* MATERIAL FOR THE TASK
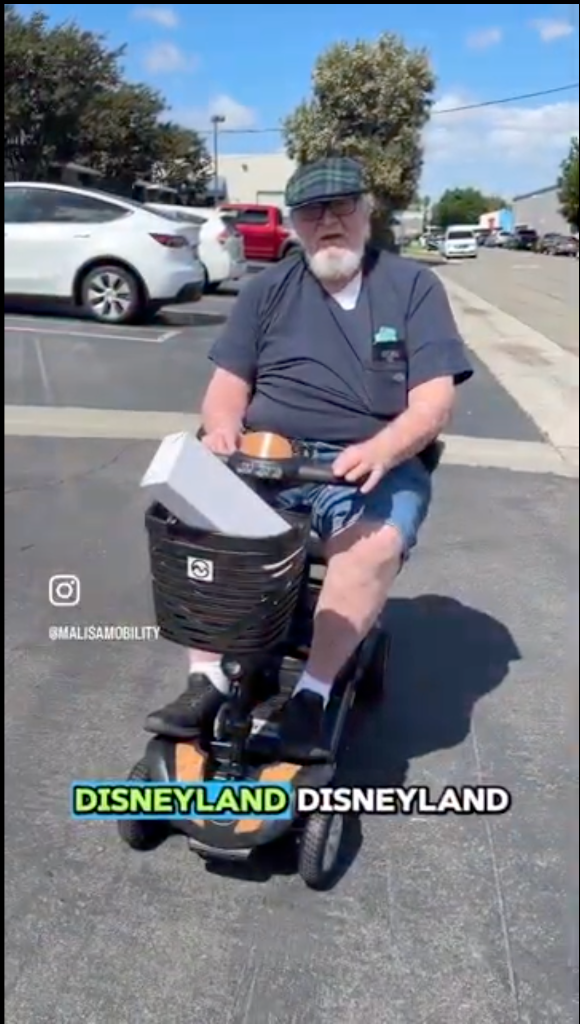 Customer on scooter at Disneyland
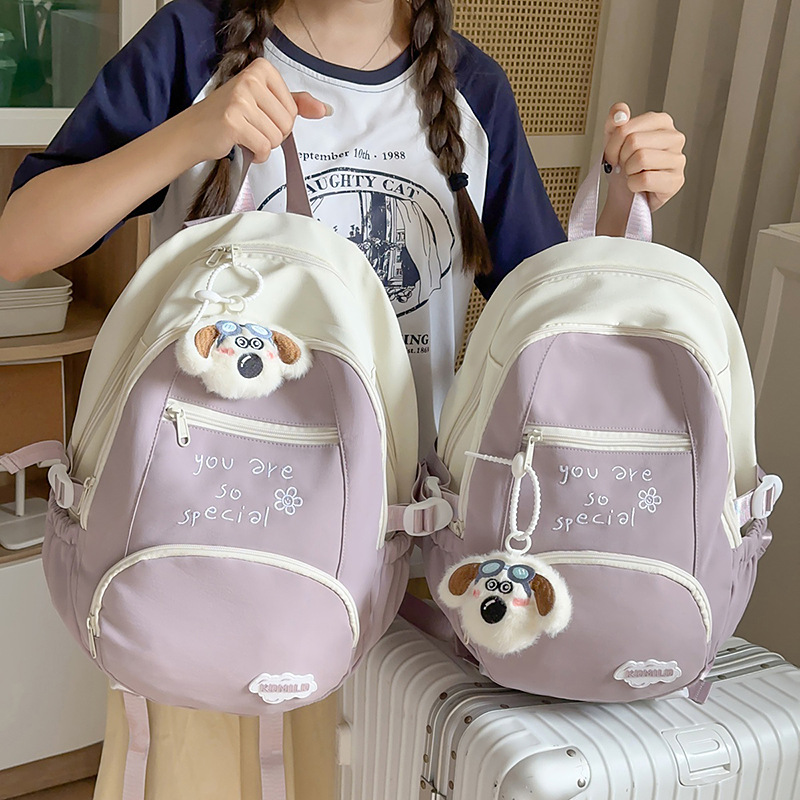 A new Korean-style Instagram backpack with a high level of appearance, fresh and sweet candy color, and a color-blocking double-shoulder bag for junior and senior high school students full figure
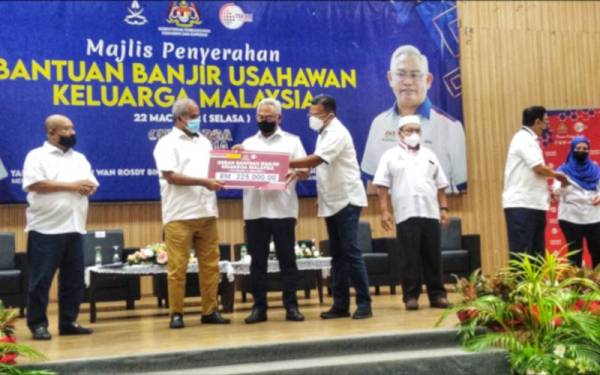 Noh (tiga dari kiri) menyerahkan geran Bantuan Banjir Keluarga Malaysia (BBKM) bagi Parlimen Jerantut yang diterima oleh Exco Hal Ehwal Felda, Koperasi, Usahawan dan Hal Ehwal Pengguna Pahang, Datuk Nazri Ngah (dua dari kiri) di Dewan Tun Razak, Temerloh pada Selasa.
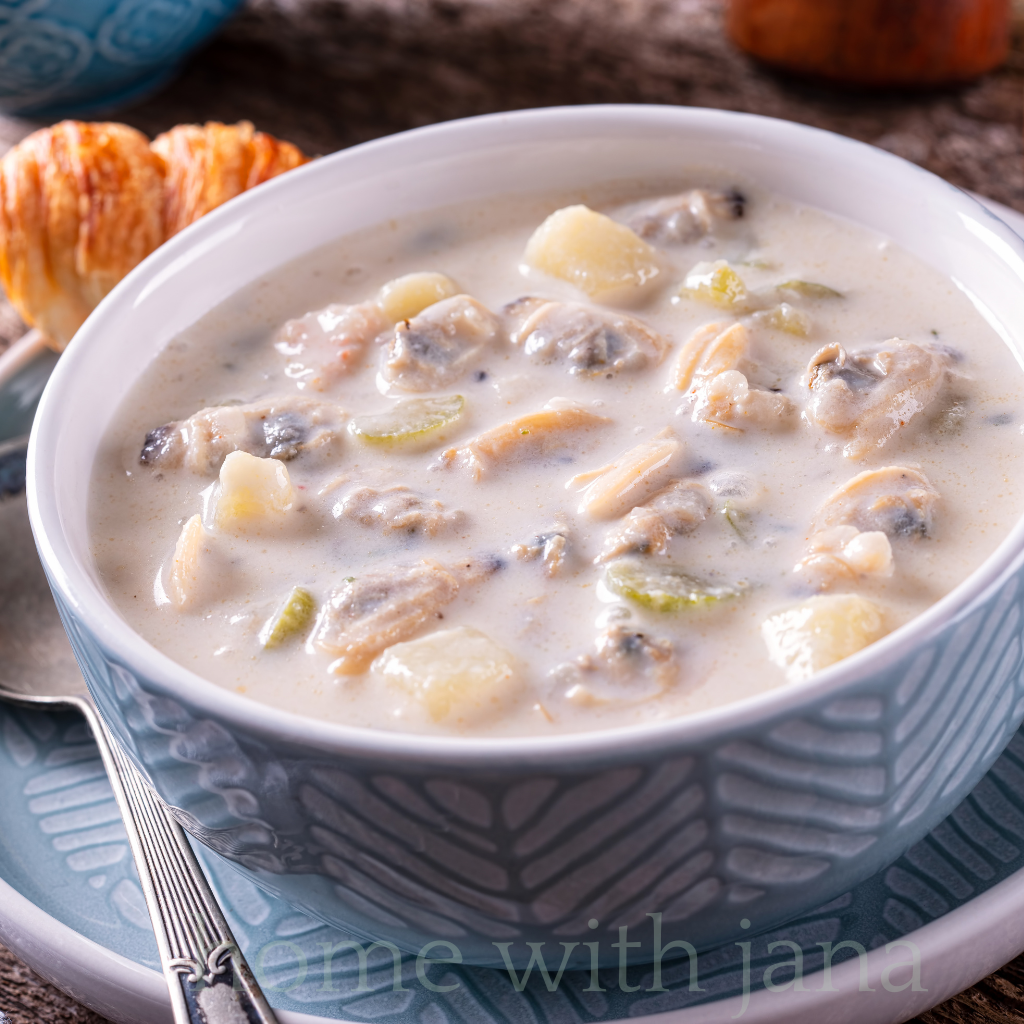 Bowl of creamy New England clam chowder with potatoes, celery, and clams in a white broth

* * *

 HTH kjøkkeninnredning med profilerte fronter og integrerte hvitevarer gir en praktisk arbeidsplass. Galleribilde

...

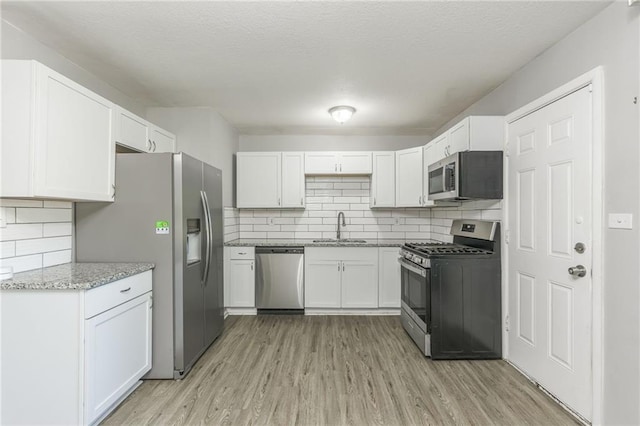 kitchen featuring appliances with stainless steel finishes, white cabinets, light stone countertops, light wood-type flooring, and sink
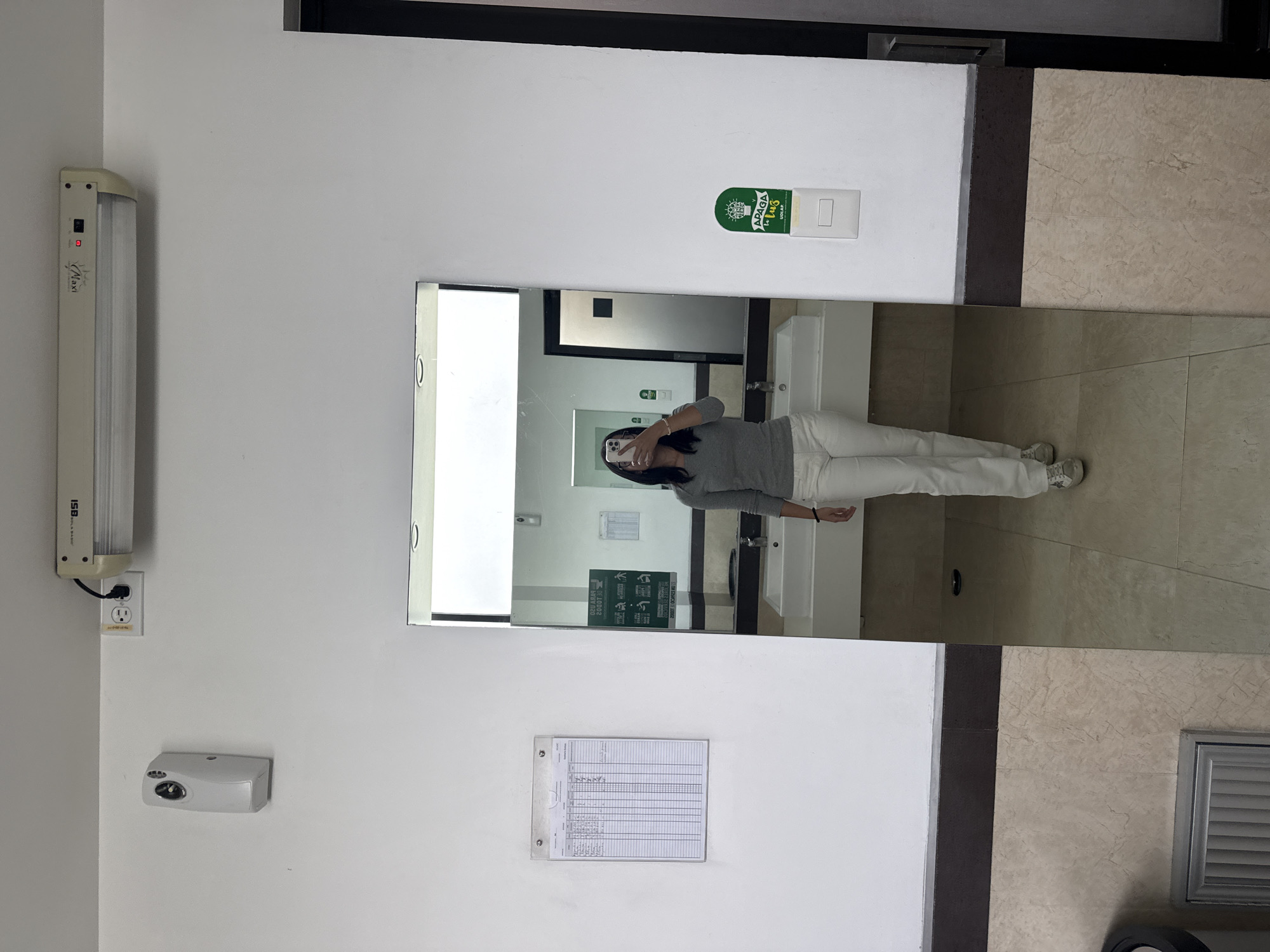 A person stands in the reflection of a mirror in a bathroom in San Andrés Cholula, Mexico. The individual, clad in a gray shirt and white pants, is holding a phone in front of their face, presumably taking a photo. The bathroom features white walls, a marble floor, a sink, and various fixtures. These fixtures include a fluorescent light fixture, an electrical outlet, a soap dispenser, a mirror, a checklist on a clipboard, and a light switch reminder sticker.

* WORK ITEM
All that should be printed is the run of lines above from the one with "Customer on scooter at Disneyland" through the one with "Noh (tiga dari", both included, exactly as given, with pictures left out.

* ANSWER TO THIS TASK
 Customer on scooter at Disneyland
 A new Korean-style Instagram backpack with a high level of appearance, fresh and sweet candy color, and a color-blocking double-shoulder bag for junior and senior high school students full figure
 Noh (tiga dari kiri) menyerahkan geran Bantuan Banjir Keluarga Malaysia (BBKM) bagi Parlimen Jerantut yang diterima oleh Exco Hal Ehwal Felda, Koperasi, Usahawan dan Hal Ehwal Pengguna Pahang, Datuk Nazri Ngah (dua dari kiri) di Dewan Tun Razak, Temerloh pada Selasa.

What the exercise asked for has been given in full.